Even Clinton's description of the six poor areas themselves is grossly distorted.

Far from representing isolated exceptions, it would be more accurate to describe these blighted areas as the visible manifestations of an entire nation of the poor which goes entirely unmentioned and unnoticed by the media.

The conditions in these six areas are certainly terrible. The Pine Ridge reservation is in America's poorest county, with an official unemployment rate of 73 percent, plagued by alcoholism, with a male life expectancy of only 45 years. The poverty rate in East St. Louis is 40 percent, in Clarksdale in the Mississippi delta region, 37.4 percent. The per capita income in Watts is only $5,000, compared to $18,000 in surrounding Los Angeles County. In the six areas as a whole, 60 percent of all young people are neither working nor in school.

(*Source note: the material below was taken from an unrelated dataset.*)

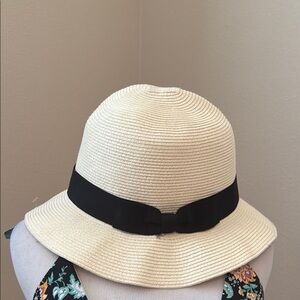 Cream and Black Straw Hat with Wide Brim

But Clinton did not have to board a jet plane or a Marine Corps helicopter to find such dire poverty. It exists only a few blocks from the White House—and it is only that far away because the Washington DC police have cleared the homeless from Lafayette Park. Every major American city has its blighted neighborhoods, where unemployment, poverty, drug abuse and other social evils rage unabated.

Twenty percent of all US children live in poverty, and their conditions have worsened in recent years, with the cutoff of welfare programs and the widening gap between rich and poor. According to one study, the number of people living in extreme poverty has actually risen from 13.9 million in 1995 to 14.6 million 1997, despite the booming economy. The government defines "extreme poverty" as an income less than half the official poverty level, or about $6,750 in annual income for a family of three.

This is an enormous number of people living at the bare margin of existence. If these 14.6 million in extreme poverty were a state, they would be the fourth largest, following only California, Texas and New York. Yet their very existence goes virtually unnoticed in media, government and corporate circles.

What Clinton offered to these poverty-stricken millions was also a lie. He claimed that the answer to mass unemployment and poverty was to encourage private business investment in blighted areas through a "New Markets Initiative" which the administration is proposing to the Republican Congress.

The federal government would offer $890 million in tax credits for corporations and businesses which made investments in the poorest city neighborhoods and rural areas, a program which, even if fully subscribed by private industry—something which no political or business analyst expects—would still represent only a drop in the bucket, about $6 billion in a $10 trillion economy.

Contradictions of capitalism

Clinton denied any social contradictions in America between rich and poor, declaring, in his last speech of the tour, “Every time we hire a young person off the streets in Watts, we are helping people who live in the ritziest suburbs in America to continue to enjoy a rising stock market.” How so?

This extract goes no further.